• **Data for processing**:
------------------------------------

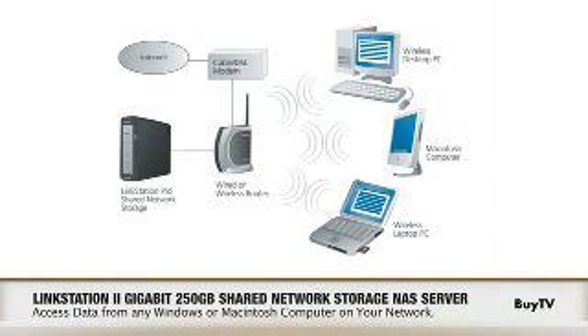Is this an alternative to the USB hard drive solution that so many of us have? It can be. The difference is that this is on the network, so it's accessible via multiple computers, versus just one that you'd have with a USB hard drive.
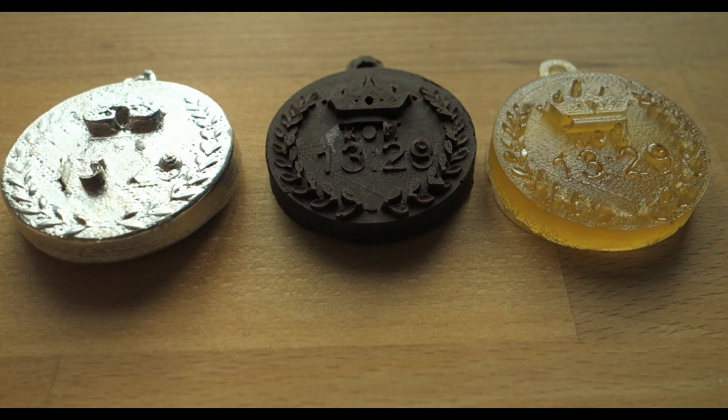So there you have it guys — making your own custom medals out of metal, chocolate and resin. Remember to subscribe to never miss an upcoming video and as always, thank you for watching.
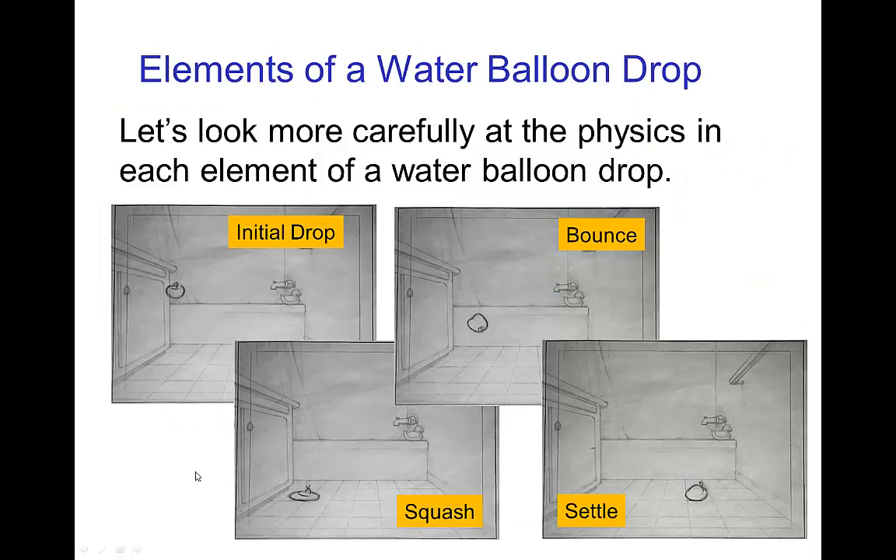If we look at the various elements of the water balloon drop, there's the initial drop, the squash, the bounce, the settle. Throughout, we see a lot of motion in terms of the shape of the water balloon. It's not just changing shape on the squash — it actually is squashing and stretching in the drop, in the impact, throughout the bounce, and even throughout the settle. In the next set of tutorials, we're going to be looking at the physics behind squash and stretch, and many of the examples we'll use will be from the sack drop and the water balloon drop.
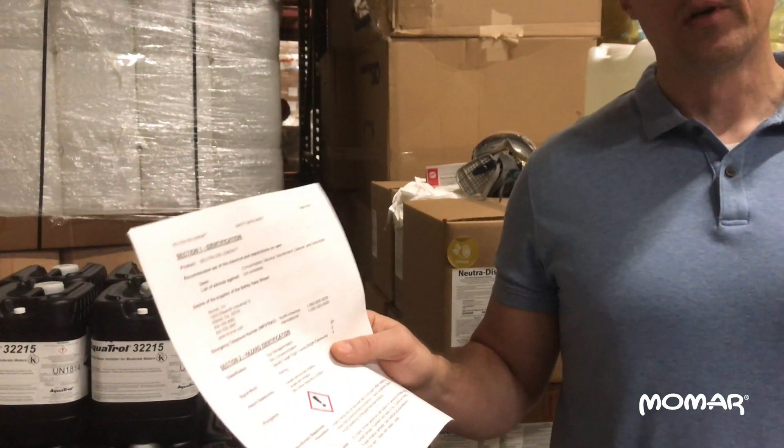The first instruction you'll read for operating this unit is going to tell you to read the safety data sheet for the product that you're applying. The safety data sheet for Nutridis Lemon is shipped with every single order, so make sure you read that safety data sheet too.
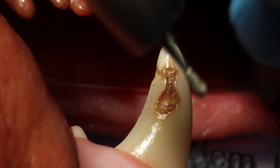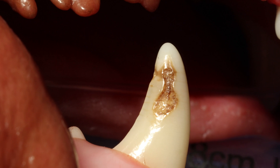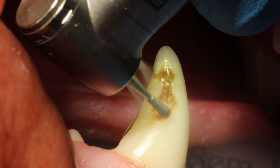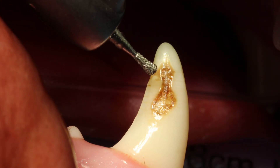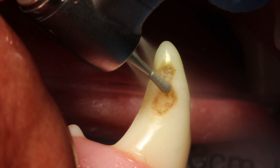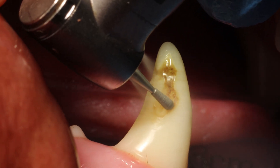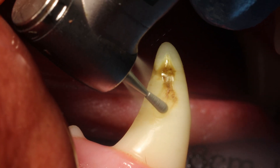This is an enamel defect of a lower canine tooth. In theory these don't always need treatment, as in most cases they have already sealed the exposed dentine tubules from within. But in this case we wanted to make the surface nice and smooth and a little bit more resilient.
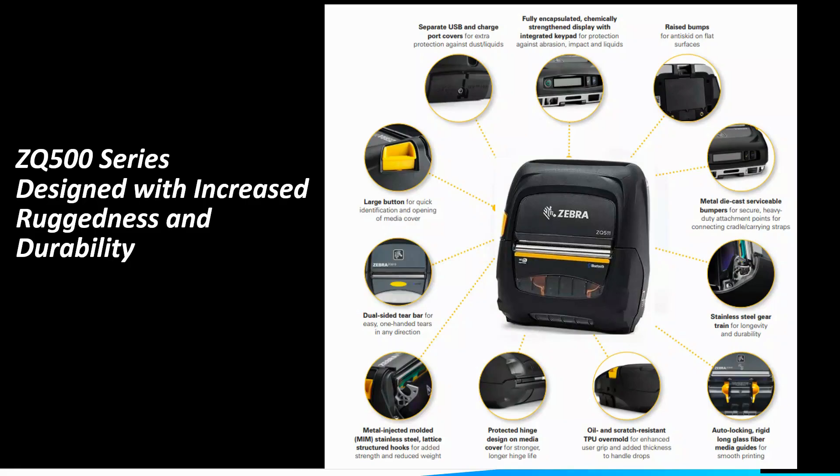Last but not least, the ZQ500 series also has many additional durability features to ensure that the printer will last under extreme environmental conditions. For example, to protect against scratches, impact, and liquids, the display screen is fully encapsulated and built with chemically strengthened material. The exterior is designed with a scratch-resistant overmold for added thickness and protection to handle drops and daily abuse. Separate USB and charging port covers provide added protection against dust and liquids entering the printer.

------------------------------------

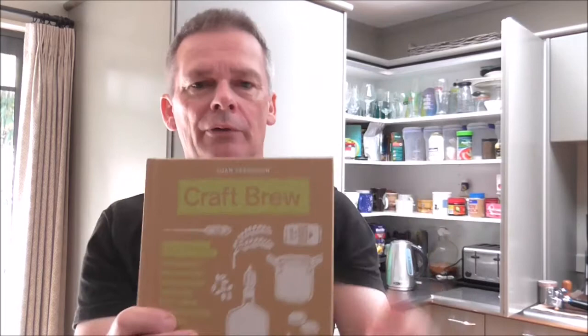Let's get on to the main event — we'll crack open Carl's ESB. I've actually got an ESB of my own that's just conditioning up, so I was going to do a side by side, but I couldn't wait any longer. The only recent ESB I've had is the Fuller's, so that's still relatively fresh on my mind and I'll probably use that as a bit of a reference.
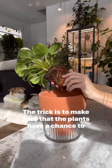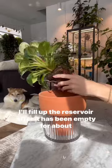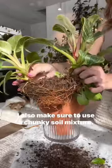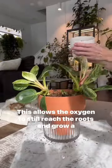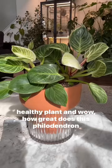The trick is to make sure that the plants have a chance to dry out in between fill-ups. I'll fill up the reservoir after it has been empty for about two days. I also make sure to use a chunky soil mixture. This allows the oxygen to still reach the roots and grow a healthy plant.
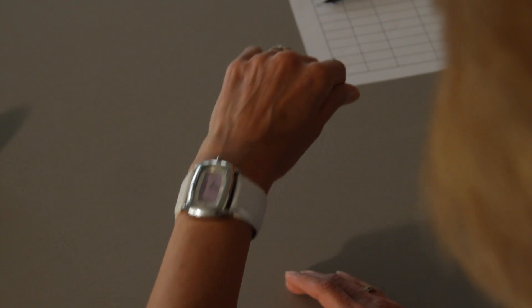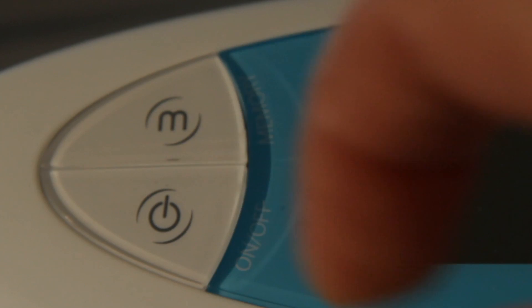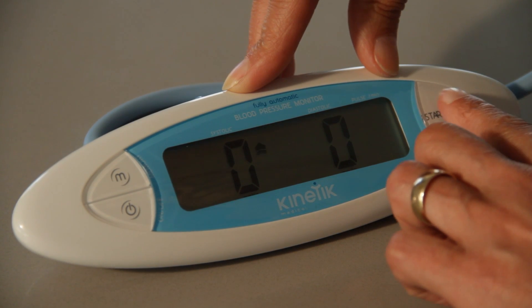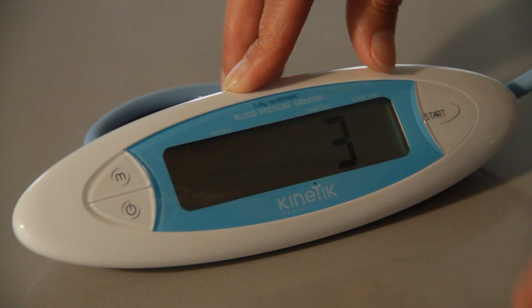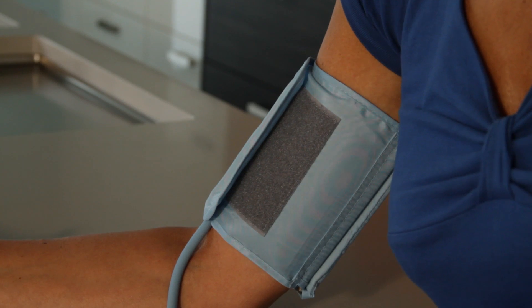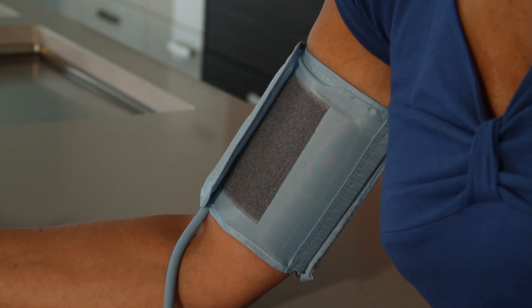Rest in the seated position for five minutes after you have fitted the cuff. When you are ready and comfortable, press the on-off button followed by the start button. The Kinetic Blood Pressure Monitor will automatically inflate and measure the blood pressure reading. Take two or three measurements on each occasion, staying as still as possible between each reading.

------------------------------------

• **Assignment**: Each line from the one that contains "Is this an alternative" down to the one that contains "The first instruction" is to be returned exactly as it stands above, both ends included, with pictures removed.

• **Response**:
Is this an alternative to the USB hard drive solution that so many of us have? It can be. The difference is that this is on the network, so it's accessible via multiple computers, versus just one that you'd have with a USB hard drive.
So there you have it guys — making your own custom medals out of metal, chocolate and resin. Remember to subscribe to never miss an upcoming video and as always, thank you for watching.
If we look at the various elements of the water balloon drop, there's the initial drop, the squash, the bounce, the settle. Throughout, we see a lot of motion in terms of the shape of the water balloon. It's not just changing shape on the squash — it actually is squashing and stretching in the drop, in the impact, throughout the bounce, and even throughout the settle. In the next set of tutorials, we're going to be looking at the physics behind squash and stretch, and many of the examples we'll use will be from the sack drop and the water balloon drop.
The first instruction you'll read for operating this unit is going to tell you to read the safety data sheet for the product that you're applying. The safety data sheet for Nutridis Lemon is shipped with every single order, so make sure you read that safety data sheet too.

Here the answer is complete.